Not yet, we still have weco-bot. We could schedule some work next sprint to look at this again.
What is weco-bot?
weco-bot is a machine user on GitHub that we use for a variety of automated actions. I believe this list to be exhaustive:
- Committing and pushing auto-formatting changes (example, equivalent scripts exist on most repos).
- Updating changelogs and pushing release tags (example, equivalents exist for other versioned repos eg terraform modules).
- Deploying our documentation site to GitHub pages (see script and docs)
- Creating automated pull requests for concepts pipeline date bumps and scala-libs version bumps.
- Adding and reading labels on wellcomecollection.org pull requests in service of user control over running e2e tests.
- Updating, pushing, and creating automated pull requests to document Miro suppressions.
How does it interact with GitHub?
weco-bot's current actions are achieved through 3 mechanisms:
- Use of the git client to commit with the authorship email associated with weco-bot (
[email protected]) and to push using an SSH key for the weco-bot account. - Use of the GitHub API with a personal access token for the weco-bot account, to create and label PRs.

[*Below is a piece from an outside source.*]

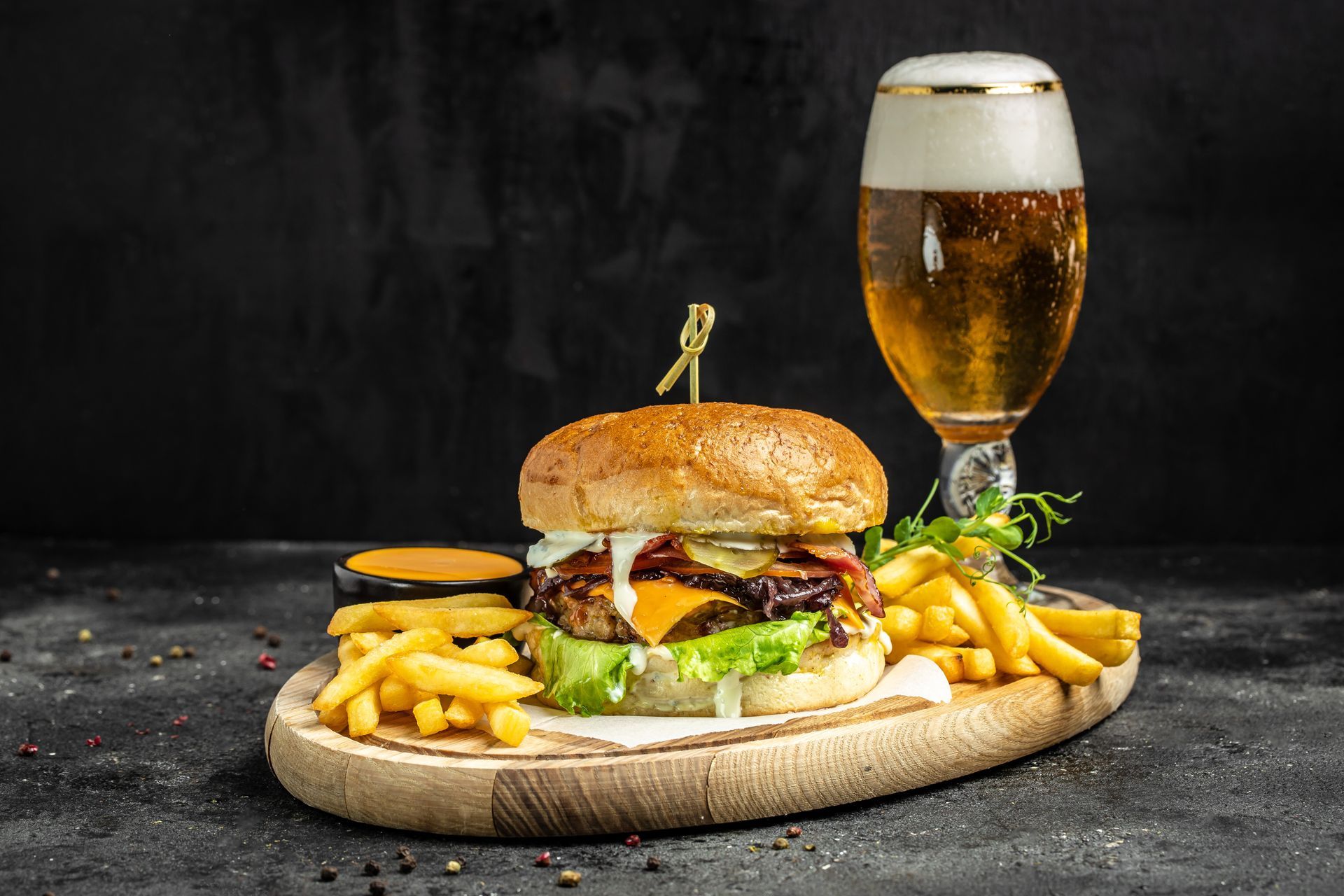 a hamburger and french fries on a wooden cutting board next to a glass of beer .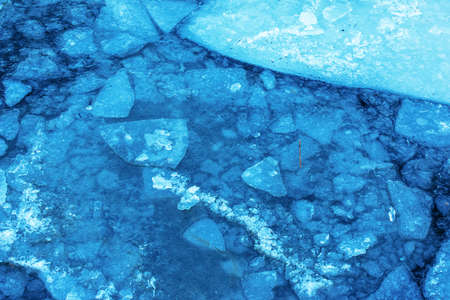 Winter nature background with blocks of ice on frozen water in spring. Abstract background of drifting ice on water.の写真素材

- Use of the Docusaurus CLI to push to GitHub for GitHub Pages deployment, options documented here.
That is to say that weco-bot's identity is assumed by our CI servers using either:
- An SSH key - for Buildkite agents, this is stored in an S3 bucket that is automatically accessed by the Elastic CI Stack instances.
- A personal access token - tokens for various actions are stored in Secret Manager.
How can we use a GitHub app instead?
Authenticating as an app installation is appropriate for all of these use cases.
-
Git client authentication - it is not possible to use SSH for GitHub app authentication, but we can use an installation access token for HTTPS-based git access as per the docs with a remote of the form
https://x-access-token:[email protected]/owner/repo.git. - API authentication - the installation access token can be used just like a personal access token.
While this seems straightforward, the mechanics of getting the access token in the right place are really quite complex. To get an installation access token, a machine first needs access to the app's private key in order to create a signed JWT with which to request the token.
My guess at a minimal implementation would involve something like the following:
- Private key stored in KMS or Secrets Manager
- A custom git credential helper installed on all agents to facilitate access with the git client (something like this)
- Some kind of scripting to get an access token for use with the GitHub APIs - possibly sharing implementation with the above.
This is quite achievable but not trivial - are we sure that the benefits of enforcing SSO outweigh the complexity/risk involved in this solution? There is of course an alternative approach where SSO is enforced and we create a machine user identity in Azure AD - is that a better solution?
@agnesgaroux to have a look whether or not this can be closed/create new tickets if needed.
- ~~Committing and pushing auto-formatting changes (example, equivalent scripts exist on most repos).~~
- Updating changelogs and pushing release tags (example, equivalents exist for other versioned repos eg terraform modules).
- ~~Deploying our documentation site to GitHub pages (see script and docs)~~
- ~~Creating automated pull requests for concepts pipeline date bumps and scala-libs version bumps.~~
- ~~Adding and reading labels on wellcomecollection.org pull requests in service of user control over running e2e tests.~~
- ~~Updating, pushing, and creating automated pull requests to document Miro suppressions.~~
TO DO
- Creating automated pull requests for concepts pipeline date bumps
- autoformat terraform: commit and push changes here. Also here
- other formatting, eg. prettier: commit and push changes
- terraform-aws modules: format and release
- Check no other versioned repo apart from terraform-aws and scala-libs
The final part of this is migrating from Buildkite to GitHub actions so the weco-bot credentials are not required to allow that build system to check out from GitHub.